Micro four-thirds, 17.3×13mm, or 225mm². This format has been
adopted by Olympus and Panasonic for their mirrorless system cameras. It is a compromise that permits
cameras and lenses to be made smaller while still maintaining very good image quality. FOVCF is 2, thus
a 25mm lens is “normal” in this format.
Compact camera sensors vary in size, but a popular one is 1/2.3 (the diagonal
size in inches) or about 28mm², vastly smaller than the others with an FOVCF of 5.6!
Confusingly, some cameras that are physically larger (sometimes known as “mega-zooms”) might
still use a sensor this small. Buyer beware.
Pixel count (expressed in mega-pixels)
Mega-pixel (Mp) numbers, by themselves, are meaningless—one of the more misunderstood
and abused terms in the camera business. Here’s why.
▸ Each sensor pixel is a discrete device that collects light energy, converts it to electrical
energy, and reports how much it has collected to the camera’s computer chip—which turns it into a digital
value between 0 and 255 (higher means more light or brighter). The final image file is simply a collection
of all the pixel values, with some in-camera processing applied. (Actually, it’s much more complicated
than this because the image is in color, but those details aren’t needed here.)
▸ The range of light values that human eyes can distinguish, from dark to light, is far greater
than any sensor pixel can record. Any shadow value darker than the sensor can “see” is simply
recorded as solid black, and any highlight value brighter than the sensor can accept is recorded as blank white.
The physical size of the pixel determines how much light it can accept. Assuming the same underlying
sensor technology, a larger pixel will always be able to record more gradations between light and dark
than a smaller pixel can. With fewer gradations, the smaller pixel is more likely to report bogus values,
seen as “noise” especially in darker areas of the final image.

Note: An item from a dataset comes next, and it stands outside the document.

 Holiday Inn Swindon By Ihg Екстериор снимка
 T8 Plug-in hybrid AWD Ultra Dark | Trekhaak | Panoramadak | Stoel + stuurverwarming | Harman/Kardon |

▸ So more pixels are not always “better.” Given the same physical size
sensor, more pixels do provide a sharper appearance to the image, but fewer pixels provide smoother light
response. Given two different size sensors with the same pixel count, the larger one will always
provide better response to light. The intended use of the image is also important. A 21-Mp full-frame
file will produce astounding prints at 20"×30" or even 30"×45", but an image on
the Internet can be produced from fewer Mp than any smart phone's built-in camera.